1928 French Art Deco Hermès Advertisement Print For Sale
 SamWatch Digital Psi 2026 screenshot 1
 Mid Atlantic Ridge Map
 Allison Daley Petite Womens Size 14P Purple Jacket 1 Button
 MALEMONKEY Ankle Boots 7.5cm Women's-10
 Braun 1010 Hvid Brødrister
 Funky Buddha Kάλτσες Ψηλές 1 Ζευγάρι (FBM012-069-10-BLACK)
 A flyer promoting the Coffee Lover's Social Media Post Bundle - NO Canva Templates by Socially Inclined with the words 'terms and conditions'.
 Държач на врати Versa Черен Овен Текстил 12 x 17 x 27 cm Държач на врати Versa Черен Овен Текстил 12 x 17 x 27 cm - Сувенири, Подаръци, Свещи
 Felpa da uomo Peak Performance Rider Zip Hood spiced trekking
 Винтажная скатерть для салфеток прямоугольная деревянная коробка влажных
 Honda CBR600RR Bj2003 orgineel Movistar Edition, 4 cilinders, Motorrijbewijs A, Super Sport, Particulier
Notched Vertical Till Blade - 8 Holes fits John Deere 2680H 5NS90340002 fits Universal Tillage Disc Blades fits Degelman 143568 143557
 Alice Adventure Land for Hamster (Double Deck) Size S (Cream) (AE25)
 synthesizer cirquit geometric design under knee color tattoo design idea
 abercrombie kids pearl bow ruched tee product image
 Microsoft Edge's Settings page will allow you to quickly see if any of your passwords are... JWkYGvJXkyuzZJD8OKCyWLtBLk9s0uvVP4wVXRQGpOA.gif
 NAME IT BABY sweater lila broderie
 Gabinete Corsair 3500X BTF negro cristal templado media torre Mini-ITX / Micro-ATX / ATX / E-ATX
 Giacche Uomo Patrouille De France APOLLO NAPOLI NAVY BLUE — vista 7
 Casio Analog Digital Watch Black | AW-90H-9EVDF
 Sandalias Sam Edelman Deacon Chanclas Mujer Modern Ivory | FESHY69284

▶ PROBLEM REQUIREMENTS: All lines above that include the word "Digital" should be located and copied.

▶ EXERCISE ANSWER:
 SamWatch Digital Psi 2026 screenshot 1
 Casio Analog Digital Watch Black | AW-90H-9EVDF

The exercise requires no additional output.